CCL3 and CCL2 promote bone marrow macrophage infiltration in vivo in murine myeloma mouse model
To study the role of the identified chemokines in MO and MΦ recruitment in vivo, we used the murine 5TGM1 MM model established in C57BL/KawRij mice [12]. Because the mouse does not have CCL14 homology and human CCL14 cDNA shares the highest similarity with human and mouse CCL3 (data not shown), we first examined in vitro murine MΦ chemotaxis in the presence of neutralizing antibodies to murine CCL3 or CCL2. 5TGM1 cells were cocultured with mouse BMSCs, generated from C57BL/KawRij mouse hind leg BM, in the lower transwell chamber, and mouse peritoneal MΦs were added in the upper chamber. As shown in Figure 4A, CCL3 or CCL2 neutralizing antibodies attenuated murine MΦ chemotactic migration in vitro (p < 0.05), confirming the role of these murine chemokines in MΦ chemotactic migration. Next, we intravenously inoculated 5TGM1 cells into the mice and treated them with either control IgG or neutralizing antibodies against CCL3 or CCL2 (100 µg per mouse each time, intraperitoneally injected 1 day before and 7 days after tumor cell inoculation; Figure 4B). Tumor development was monitored every 7 days by in vivo bioluminescent assay and by measuring circulating mouse IgG2b that was secreted by 5TGM1 cells (data not shown). Mice treated with control IgG or neutralizing antibodies showed similar tumor burdens (Figure 4C), probably because MOs/MΦs promote MM chemoresistance without affecting tumor growth, particularly at an early stage of disease. However, when we compared the expression of the chemokine genes in MM BM (5TGM1 tumor-bearing mice) versus tumor-free BM, we found that CCL3 and CCL2 expression was higher in MM BM (Figure 4D, p < 0.01).

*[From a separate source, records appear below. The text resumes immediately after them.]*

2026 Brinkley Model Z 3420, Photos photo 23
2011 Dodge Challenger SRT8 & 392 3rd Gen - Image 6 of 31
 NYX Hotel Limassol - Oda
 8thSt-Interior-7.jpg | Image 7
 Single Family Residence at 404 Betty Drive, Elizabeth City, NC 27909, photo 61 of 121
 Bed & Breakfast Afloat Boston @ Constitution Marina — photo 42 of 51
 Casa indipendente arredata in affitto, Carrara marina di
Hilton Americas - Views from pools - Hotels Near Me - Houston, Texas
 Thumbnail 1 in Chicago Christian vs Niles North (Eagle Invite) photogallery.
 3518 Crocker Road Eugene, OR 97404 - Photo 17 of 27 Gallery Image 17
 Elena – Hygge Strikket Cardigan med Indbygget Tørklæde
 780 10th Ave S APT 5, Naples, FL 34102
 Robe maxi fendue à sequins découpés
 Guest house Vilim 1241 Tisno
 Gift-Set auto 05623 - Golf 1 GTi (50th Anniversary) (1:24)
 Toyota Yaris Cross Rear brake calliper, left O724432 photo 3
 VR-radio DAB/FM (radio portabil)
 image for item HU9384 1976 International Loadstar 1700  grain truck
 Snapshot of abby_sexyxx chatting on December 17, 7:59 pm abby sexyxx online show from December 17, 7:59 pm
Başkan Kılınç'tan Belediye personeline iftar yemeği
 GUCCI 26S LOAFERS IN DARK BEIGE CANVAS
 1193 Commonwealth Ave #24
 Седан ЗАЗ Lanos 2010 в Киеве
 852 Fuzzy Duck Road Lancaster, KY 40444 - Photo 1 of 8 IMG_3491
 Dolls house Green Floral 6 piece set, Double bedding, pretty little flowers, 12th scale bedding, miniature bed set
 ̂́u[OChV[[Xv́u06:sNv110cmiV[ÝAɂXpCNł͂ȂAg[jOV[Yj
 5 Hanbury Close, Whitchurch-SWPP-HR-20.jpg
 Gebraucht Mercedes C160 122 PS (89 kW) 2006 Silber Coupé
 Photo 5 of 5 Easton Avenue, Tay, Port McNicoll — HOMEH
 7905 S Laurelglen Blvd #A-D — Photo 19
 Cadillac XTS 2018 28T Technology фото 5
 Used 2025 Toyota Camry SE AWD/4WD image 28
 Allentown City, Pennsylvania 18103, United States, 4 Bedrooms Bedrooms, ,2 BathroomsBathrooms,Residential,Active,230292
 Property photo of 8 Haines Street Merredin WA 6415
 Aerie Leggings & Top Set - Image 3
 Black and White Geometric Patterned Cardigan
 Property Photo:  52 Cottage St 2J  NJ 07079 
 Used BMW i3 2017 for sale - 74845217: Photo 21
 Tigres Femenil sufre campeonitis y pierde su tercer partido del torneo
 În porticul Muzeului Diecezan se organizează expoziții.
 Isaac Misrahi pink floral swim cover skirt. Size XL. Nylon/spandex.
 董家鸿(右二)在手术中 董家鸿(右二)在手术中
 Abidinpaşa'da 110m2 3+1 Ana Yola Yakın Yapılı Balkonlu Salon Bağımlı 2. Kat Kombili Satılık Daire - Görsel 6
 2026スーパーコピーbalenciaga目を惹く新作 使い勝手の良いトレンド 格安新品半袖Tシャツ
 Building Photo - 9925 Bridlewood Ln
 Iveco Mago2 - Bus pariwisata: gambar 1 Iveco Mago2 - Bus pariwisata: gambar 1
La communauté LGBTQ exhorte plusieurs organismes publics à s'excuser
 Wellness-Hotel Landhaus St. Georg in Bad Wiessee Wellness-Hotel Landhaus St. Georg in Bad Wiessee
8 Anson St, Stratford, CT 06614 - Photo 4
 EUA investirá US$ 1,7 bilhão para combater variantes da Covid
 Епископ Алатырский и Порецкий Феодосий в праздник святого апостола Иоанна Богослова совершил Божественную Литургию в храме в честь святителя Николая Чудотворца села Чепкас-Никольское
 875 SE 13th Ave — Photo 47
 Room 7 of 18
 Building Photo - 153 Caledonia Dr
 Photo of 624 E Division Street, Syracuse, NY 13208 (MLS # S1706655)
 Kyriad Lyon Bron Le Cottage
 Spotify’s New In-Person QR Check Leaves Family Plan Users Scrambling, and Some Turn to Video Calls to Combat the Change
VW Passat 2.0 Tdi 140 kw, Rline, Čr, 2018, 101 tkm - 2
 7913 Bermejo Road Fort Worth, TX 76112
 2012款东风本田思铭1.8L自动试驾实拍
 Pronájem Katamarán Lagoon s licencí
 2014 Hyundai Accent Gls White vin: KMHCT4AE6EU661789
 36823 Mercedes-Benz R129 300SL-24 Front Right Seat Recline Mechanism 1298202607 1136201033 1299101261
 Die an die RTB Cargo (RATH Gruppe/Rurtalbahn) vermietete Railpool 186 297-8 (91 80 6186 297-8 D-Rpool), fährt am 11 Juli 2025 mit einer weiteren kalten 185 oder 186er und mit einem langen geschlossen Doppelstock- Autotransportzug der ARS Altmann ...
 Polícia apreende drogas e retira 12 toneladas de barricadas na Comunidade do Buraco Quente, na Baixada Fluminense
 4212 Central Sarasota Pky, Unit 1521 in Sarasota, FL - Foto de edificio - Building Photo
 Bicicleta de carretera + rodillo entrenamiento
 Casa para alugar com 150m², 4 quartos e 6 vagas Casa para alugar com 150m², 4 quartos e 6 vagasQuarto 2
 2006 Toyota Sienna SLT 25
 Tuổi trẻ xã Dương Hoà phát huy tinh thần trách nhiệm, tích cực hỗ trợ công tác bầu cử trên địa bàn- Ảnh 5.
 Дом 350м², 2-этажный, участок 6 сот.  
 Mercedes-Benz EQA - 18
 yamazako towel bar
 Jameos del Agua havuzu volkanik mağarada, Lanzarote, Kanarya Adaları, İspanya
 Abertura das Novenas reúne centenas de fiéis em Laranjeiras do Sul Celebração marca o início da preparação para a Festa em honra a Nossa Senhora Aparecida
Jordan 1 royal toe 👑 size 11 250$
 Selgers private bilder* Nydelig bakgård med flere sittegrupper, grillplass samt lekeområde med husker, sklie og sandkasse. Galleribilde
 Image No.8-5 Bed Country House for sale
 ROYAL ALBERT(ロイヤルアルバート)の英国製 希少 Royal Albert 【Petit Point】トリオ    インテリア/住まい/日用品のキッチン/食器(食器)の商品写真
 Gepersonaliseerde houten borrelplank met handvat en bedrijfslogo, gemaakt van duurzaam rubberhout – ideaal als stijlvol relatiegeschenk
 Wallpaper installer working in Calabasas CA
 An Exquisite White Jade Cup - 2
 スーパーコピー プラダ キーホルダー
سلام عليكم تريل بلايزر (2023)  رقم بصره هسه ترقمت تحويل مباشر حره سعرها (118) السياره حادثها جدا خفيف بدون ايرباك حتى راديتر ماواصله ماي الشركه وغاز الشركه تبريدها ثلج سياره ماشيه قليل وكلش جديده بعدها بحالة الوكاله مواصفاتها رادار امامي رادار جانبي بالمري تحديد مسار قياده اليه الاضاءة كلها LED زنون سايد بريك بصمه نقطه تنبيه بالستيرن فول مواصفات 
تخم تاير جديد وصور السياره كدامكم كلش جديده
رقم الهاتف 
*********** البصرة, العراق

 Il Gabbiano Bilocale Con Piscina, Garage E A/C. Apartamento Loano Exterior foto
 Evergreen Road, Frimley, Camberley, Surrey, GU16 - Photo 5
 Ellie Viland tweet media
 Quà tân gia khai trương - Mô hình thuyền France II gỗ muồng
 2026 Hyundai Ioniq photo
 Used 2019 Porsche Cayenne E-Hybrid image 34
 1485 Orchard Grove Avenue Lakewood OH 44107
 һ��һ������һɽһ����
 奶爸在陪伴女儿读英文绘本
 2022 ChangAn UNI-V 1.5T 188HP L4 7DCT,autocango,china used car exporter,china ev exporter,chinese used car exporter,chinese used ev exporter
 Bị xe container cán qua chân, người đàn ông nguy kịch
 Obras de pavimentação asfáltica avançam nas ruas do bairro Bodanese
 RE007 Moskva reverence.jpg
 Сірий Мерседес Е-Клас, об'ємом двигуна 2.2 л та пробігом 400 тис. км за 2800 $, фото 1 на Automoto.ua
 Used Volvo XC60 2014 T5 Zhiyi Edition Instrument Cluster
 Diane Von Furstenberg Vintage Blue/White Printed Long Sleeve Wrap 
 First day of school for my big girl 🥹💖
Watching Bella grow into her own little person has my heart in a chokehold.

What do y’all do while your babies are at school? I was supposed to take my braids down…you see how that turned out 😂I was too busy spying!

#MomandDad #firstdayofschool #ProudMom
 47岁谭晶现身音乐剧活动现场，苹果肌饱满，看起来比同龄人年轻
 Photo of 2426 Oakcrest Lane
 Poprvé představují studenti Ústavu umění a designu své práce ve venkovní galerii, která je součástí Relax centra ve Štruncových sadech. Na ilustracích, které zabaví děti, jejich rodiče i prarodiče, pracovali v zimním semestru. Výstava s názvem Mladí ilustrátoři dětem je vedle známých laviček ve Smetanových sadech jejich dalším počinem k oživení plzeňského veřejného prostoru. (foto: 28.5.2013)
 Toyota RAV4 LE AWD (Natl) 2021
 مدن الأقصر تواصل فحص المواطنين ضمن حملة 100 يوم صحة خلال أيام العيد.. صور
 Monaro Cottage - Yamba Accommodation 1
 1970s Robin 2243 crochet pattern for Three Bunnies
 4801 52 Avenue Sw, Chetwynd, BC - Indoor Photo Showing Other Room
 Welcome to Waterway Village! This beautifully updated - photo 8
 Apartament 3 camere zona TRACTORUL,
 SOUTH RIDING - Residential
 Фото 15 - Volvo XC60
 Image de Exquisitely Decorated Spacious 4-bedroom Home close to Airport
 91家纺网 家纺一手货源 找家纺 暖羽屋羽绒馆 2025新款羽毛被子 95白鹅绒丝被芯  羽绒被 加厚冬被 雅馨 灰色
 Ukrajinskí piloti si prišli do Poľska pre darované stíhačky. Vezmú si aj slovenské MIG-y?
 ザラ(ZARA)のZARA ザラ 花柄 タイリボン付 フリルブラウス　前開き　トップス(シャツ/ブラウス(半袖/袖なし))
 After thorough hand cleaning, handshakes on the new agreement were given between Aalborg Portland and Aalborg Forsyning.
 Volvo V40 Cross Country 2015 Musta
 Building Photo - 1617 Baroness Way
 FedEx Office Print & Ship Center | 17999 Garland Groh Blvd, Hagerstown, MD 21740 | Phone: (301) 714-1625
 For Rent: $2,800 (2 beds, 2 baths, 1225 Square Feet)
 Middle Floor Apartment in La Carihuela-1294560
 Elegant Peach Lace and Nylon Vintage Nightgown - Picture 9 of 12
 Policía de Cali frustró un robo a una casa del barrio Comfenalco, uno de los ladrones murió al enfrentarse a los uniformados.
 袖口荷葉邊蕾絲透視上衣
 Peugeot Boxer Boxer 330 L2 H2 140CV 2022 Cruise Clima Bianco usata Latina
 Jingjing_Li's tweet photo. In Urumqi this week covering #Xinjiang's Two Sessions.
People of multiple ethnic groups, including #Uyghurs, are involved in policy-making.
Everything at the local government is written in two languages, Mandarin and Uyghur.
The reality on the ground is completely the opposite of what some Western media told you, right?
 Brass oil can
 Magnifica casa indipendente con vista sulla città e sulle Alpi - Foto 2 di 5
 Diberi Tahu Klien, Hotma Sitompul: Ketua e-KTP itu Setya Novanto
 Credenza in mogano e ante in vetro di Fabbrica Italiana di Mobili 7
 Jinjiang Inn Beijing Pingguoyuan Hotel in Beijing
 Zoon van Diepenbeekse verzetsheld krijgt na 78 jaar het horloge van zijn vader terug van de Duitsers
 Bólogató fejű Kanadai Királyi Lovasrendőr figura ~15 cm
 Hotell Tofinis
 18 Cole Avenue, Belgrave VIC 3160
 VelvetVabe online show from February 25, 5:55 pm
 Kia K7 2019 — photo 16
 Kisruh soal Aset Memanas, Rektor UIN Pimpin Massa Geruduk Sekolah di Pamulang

Immunohistochemistry staining for F4/80, a murine MΦ marker, in mouse BM showed that MM BM had a greater percentage of BM MΦs, similar to what we observed in human MM BM [3], and injection of CCL3 or CCL2 neutralizing antibodies significantly reduced the percentage of MΦs in murine MM BM (Figure 4E). This finding was confirmed by flow cytometry analysis of mouse BM cells to quantify the numbers of CD14+ and F4/80+ MΦs (Figure 4F, p < 0.05). Taken together, these in vivo findings strongly suggested that chemokines CCL3 and CCL2 were responsible for attracting MOs to infiltrate MM BM microenvironment in vivo.
Figure 4: CCL2 and CCL3 promote murine MO infiltration in vivo. A. In vitro migration assay of mouse BMSC and 5TGM1 cells. Medium alone served as control. Control IgG or neutralizing antibodies to chemokines CCL3 or CCL2 were added to the cultures. B. Schematic diagram depicting the schedule of animal study. C. In vivo bioluminescent imaging showing locations of tumor formation in mice treated with control IgG or various chemokine neutralizing antibodies. CTR indicates tumor-free mice. D. Concentrations of chemokines secreted by BM cells from rear leg bones of tumor-free mice (CTR BM) and tumor-bearing mice (MM-BM). BM cells were harvested and cultured ex vivo for 24 hours. The chemokine expression in culture supernatant was analyzed by ELISA; E. Immunohistochemistry staining for F4/80, a mouse MΦ marker, in BM sections from tumor-free mice (CTR) or MM-bearing mice treated with control IgG or neutralizing antibodies against CCL3 or CCL2. Compared to BM from tumor-free control mice, MM-BM had greater MΦ infiltration (brown; MΦ staining was intermediate in both CCL3 and CCL2 neutralizing antibody-treated tumor-bearing mice). F. Flow cytometry analysis showing the percentages of CD14+ and F4/80+ double positive MΦs in BM cells from tumor-free mice or MM-bearing mice treated with control IgG or neutralizing antibodies against CCL3 or CCL2. *p < 0.05, **p < 0.01.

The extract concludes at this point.